It does write to flash when you download a new SysConfig, which is the result of editing the device config.
Lest you think I am being hard to get along with, please let me elaborate a bit. The SysConfig is a complex document containing lots of critical stuff, serving lots of subsystems in the controller. Think of it as a big ZIP file containing the Laws of Physics. When the system starts up, the various subsystems read their part of that file and initialize themselves to whatever was specified by the user. Writing that file is a Big Deal that only happens in program mode. Modifying that file at runtime is the stuff of nightmares...like changing the Speed of Light. Bad.
At startup, the SMTP Client Device Configuration provides the SMTP Client all of the nice stuff you specified.

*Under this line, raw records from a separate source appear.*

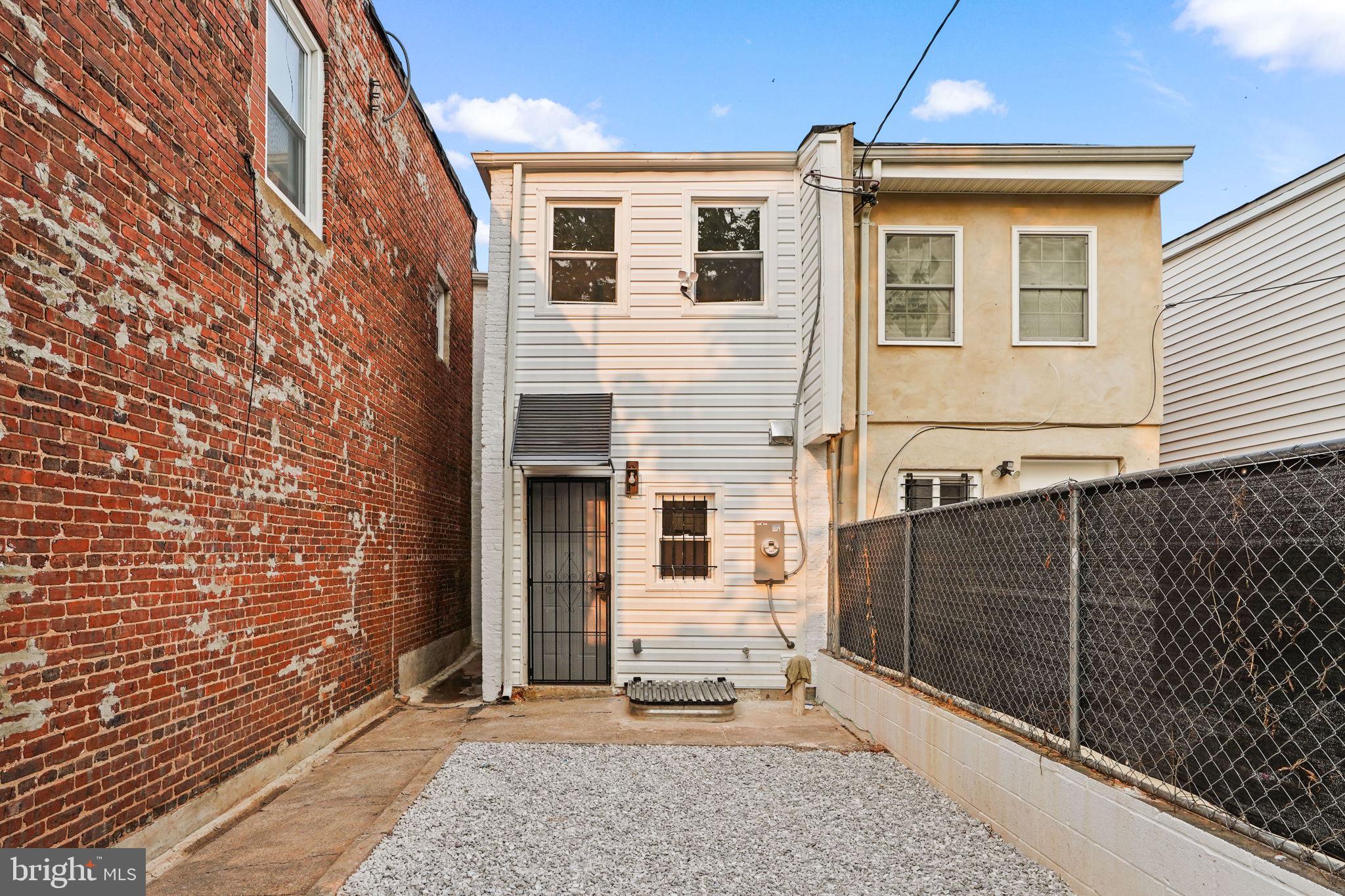 BROADWAY EAST - Residential
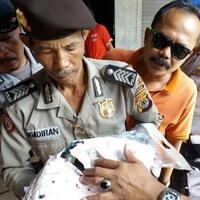 fokus-kebangetan-kertas-alquran-kok-dijadikan-keset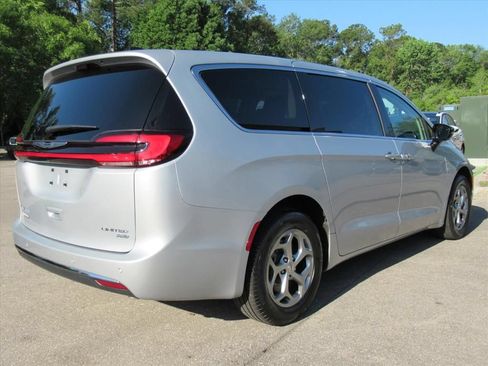 Certified 2024 Chrysler Pacifica Limited AWD/4WD image 7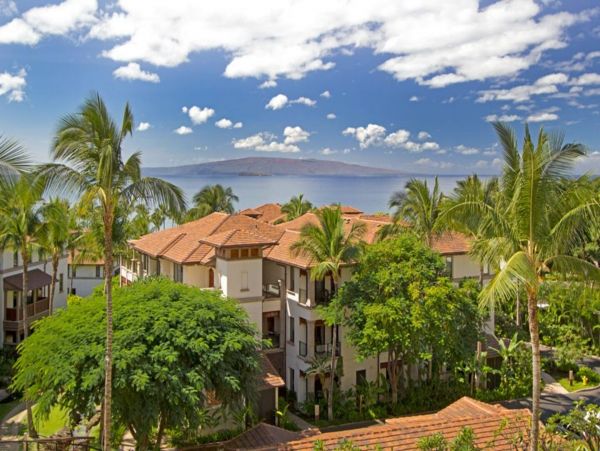 Three Bedroom Ocean View Penthouse in Wailea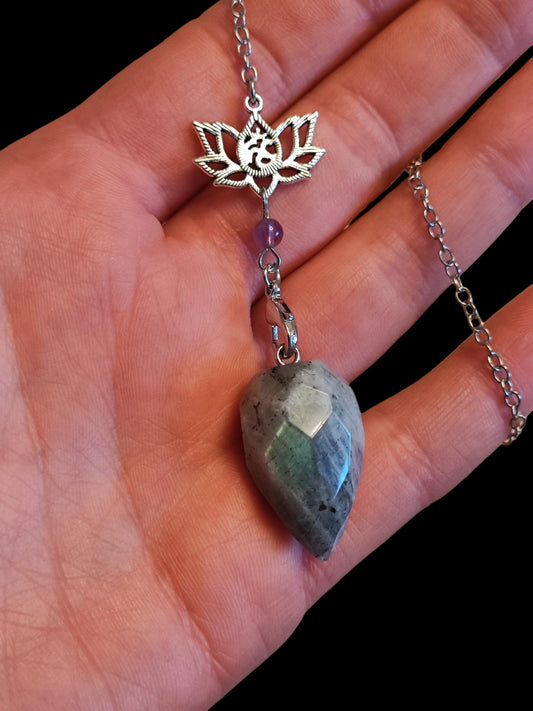 Heilsteinpendel aus Labradorit und Amethyst mit Lotussymbol - Flow of Passion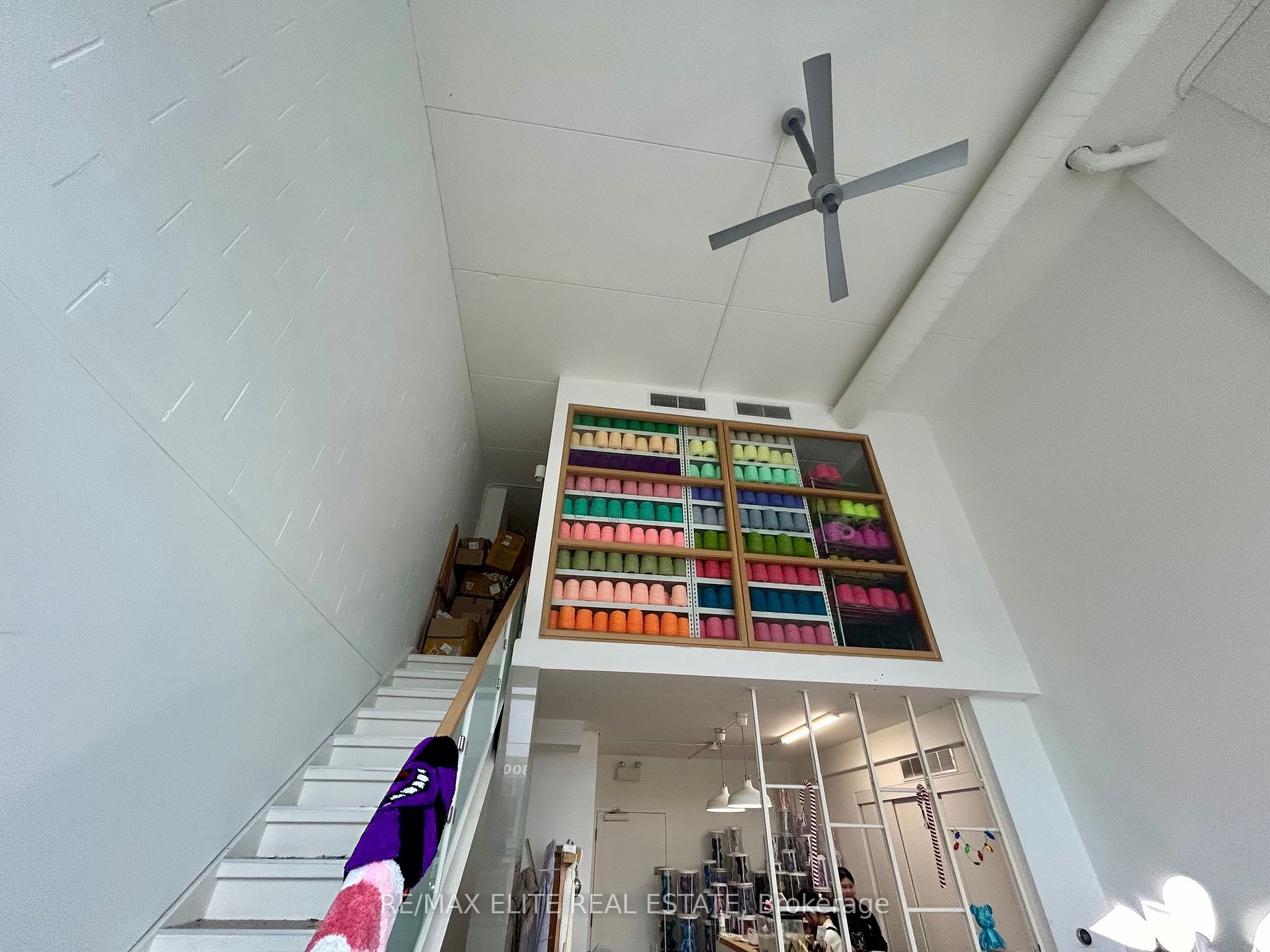 1315 Lawrence Ave E, #406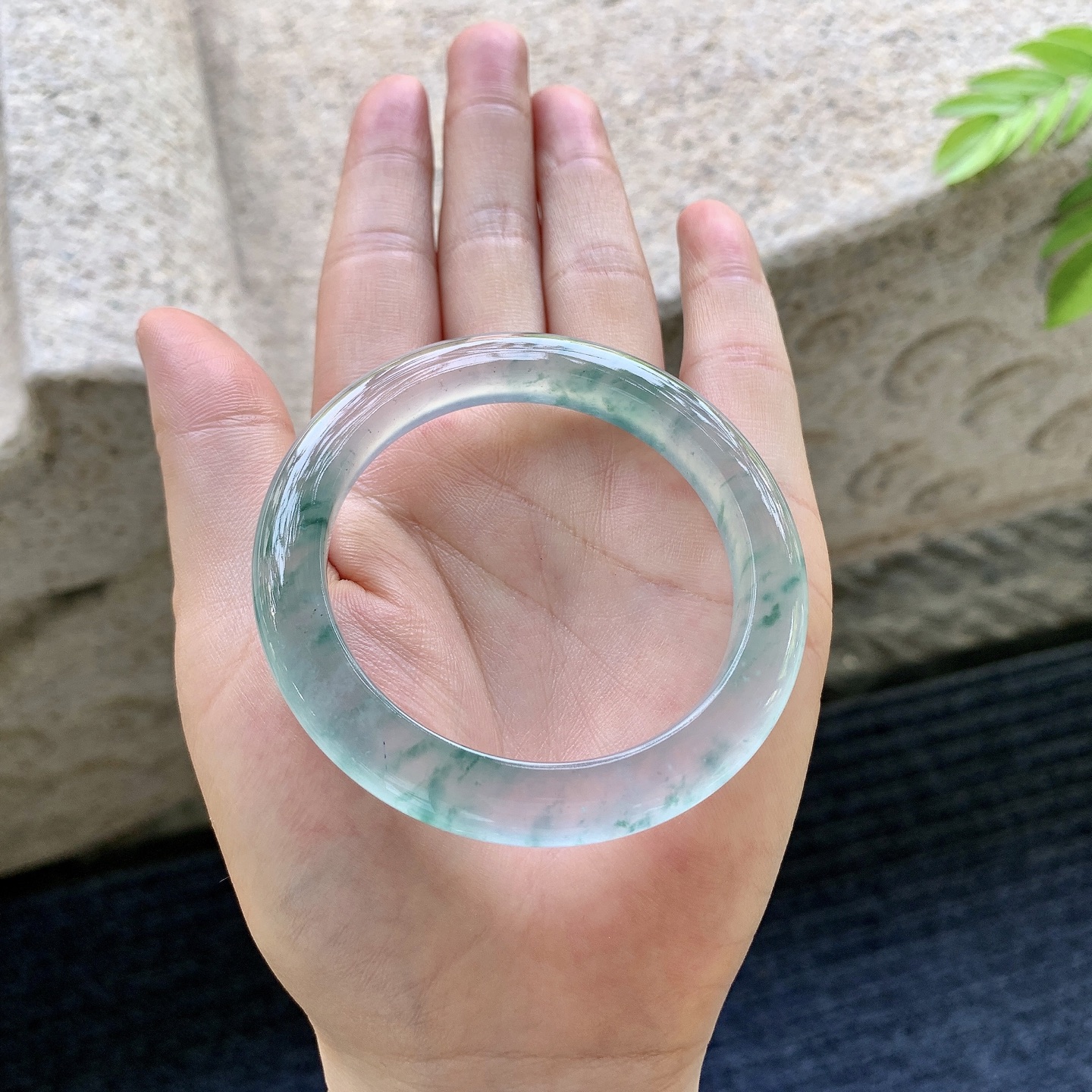 正圈49 50，圈口50.2/8.4/8.8，编码A1081332，高冰飘花，起荧光，清透，水润，种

DEVREAD and DEVWRITE give you runtime access to the state of the driver, but do not access or modify the config. Modifying driver values at runtime is easy and safe. Modifying the SysConfig at runtime is Very Bad.
In short, it isn't happening. I am an old engineer. Part of my ability comes as an experience base that tells me when to *not* do something. This falls in that category.
I am well aware of how this way of handling the issue seems counterintuitive from a user's perspective. We really do see that and care about that...but...in the case, it is architecturally a bad plan that can screw many things up. My rule is simple: I'd rather apologize to 20% for what I chose not to do, than to apologize to 100% for what I did poorly. Please consider this an apology.